Uccise un transessuale con una penna-pistola a Cinisello Balsamo e 24 ore dopo, insieme a un complice, tentò di rapinare un ristorante giapponese a Segrate, sulla Cassanese. Il titolare del locale, però, reagì con un coltello, lo accoltellò e fece scappare i due malviventi. Una fuga che, però, durò poche ore perché i carabinieri rintracciarono e arrestarono Giovanni Amato, 43enne netturbino segratese. E proprio mentre si trovava in carcere gli inquirenti gli notificarono anche il fermo per l’omicidio del transessuale. Martedì, con rito abbreviato, Amato è stato condannato a 18 anni. Il pubblico ministero ne aveva chiesti 20, ma il Gup di Monza ha deciso per 2 in meno.

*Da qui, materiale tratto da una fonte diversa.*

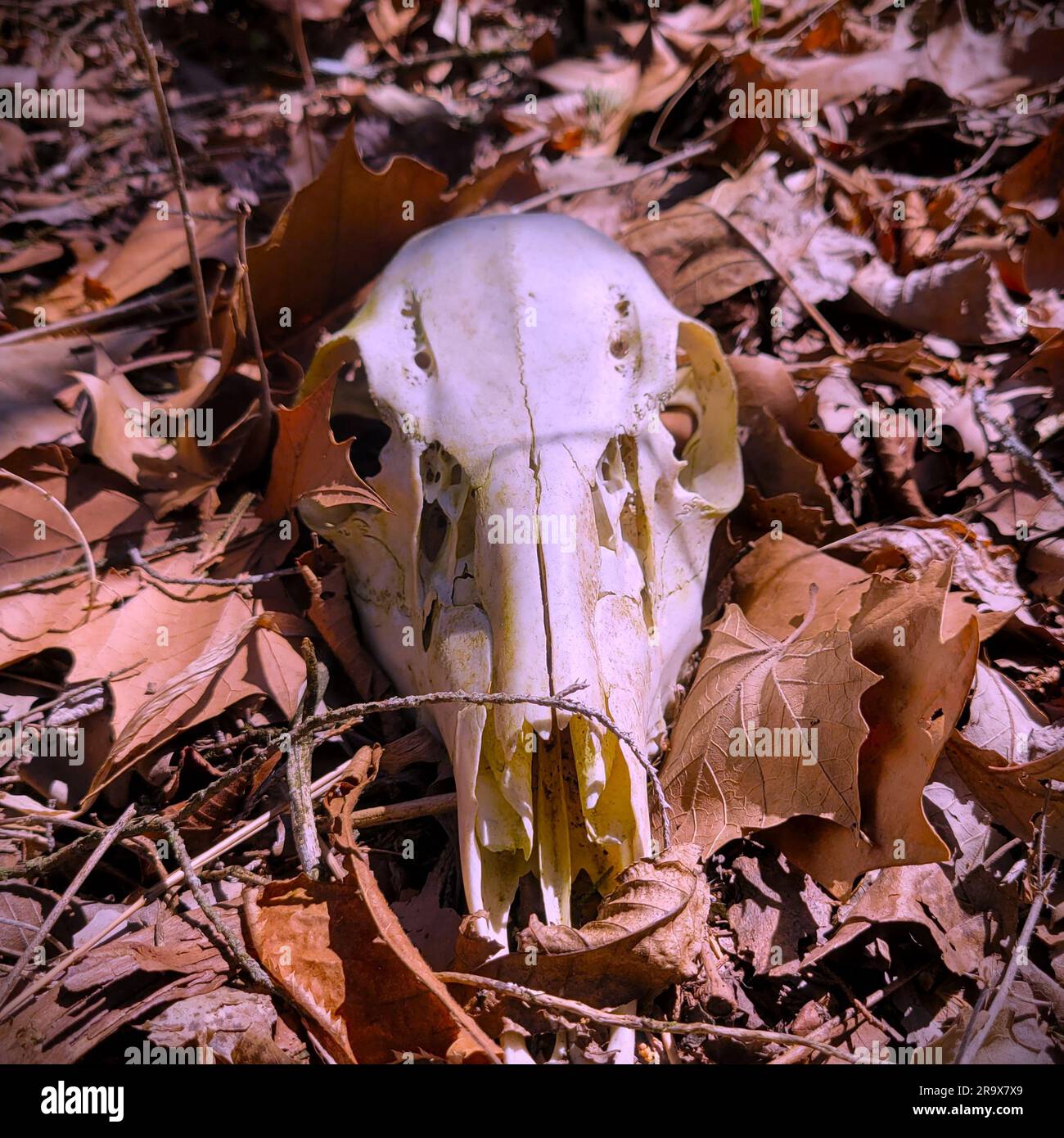 Skull of a white-tail deer, odocoileus virginianus, lying on the leaf-covered forest floor in Missouri. Front view Stock Photo
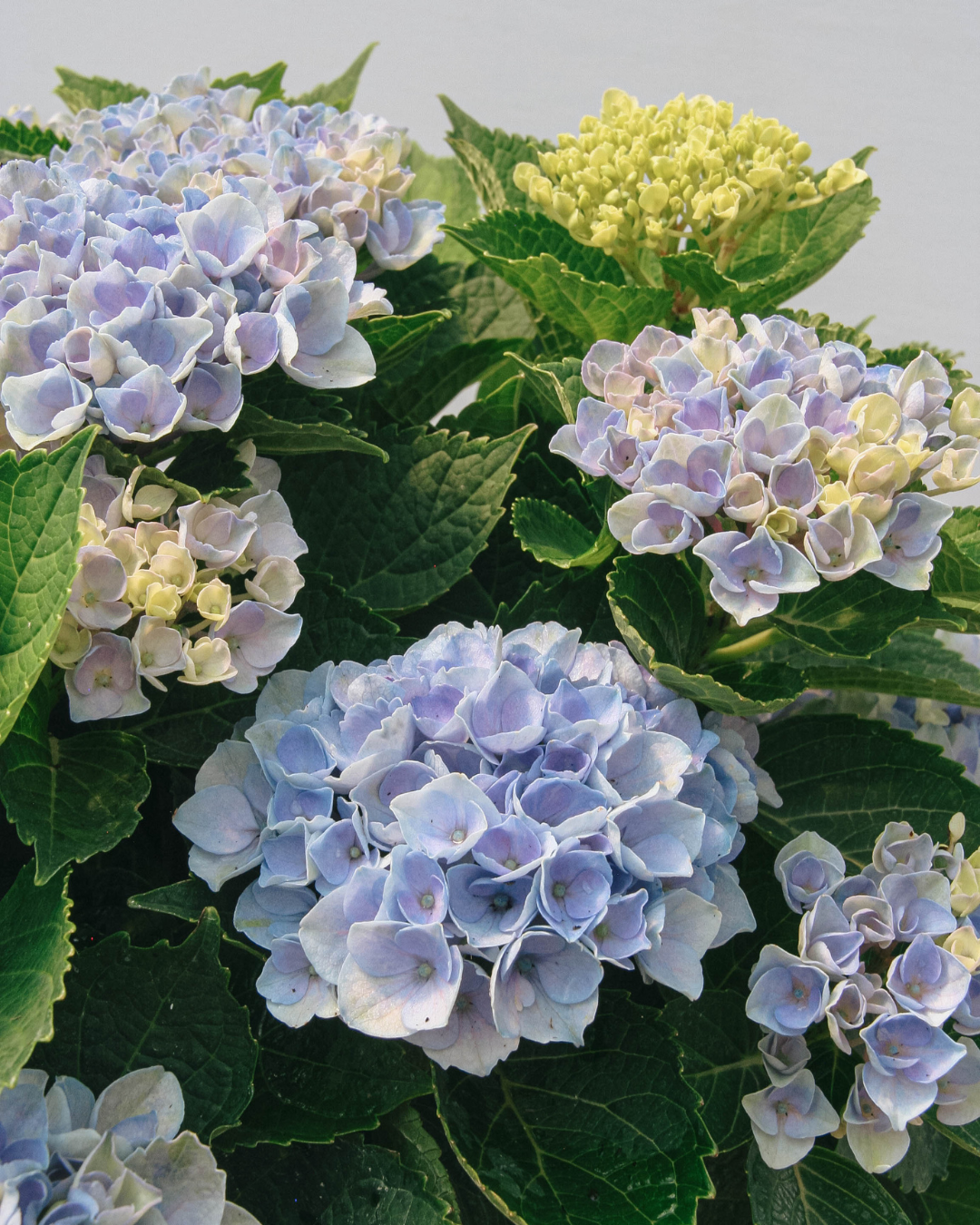 Revolution Hydrangea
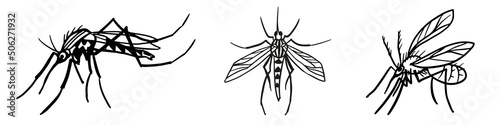 Illustration of the different mosquito, gnat insect. Graphic line illustration on white background for repellent cover design.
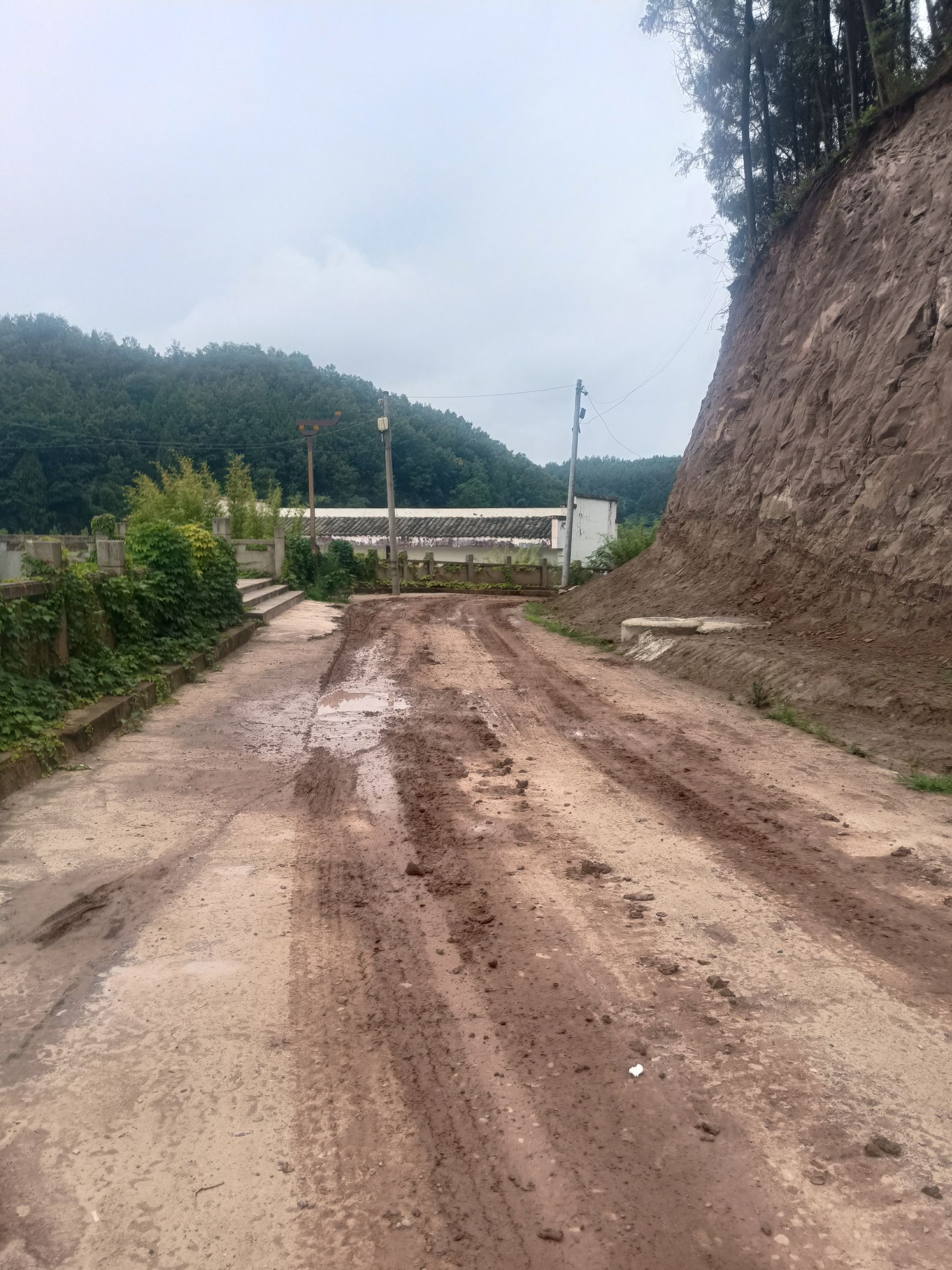 四川西充青龙湖国家湿地公园旅行图片 2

I fatti risalgono al febbraio del  2018 e il netturbino, forse, avrebbe potuto farla franca, se non avesse deciso di compiere anche la rapina a Segrate. Le indagini per l’omicidio di Cinisello, infatti, avevano evidenziato che il trans, un peruviano di 42 anni, era stato ammazzato con un colpo di pistola alla nuca. Un piccolissimo foro, sparato da un’arma non classica. Proprio la stessa usata per il mancato colpo al ristorante giapponese e ritrovata addosso ad Amato: una penna-pistola calibro 22. Una coincidenza che, immediatamente, ha fatto drizzare le antenne agli inquirenti che hanno voluta approfondirla. Si è così deciso di comparare le impronte digitale lasciate dall’assassino su una bottiglia a casa della vittima con quelle dell’arrestato per rapina. Che, naturalmente, coincidevano.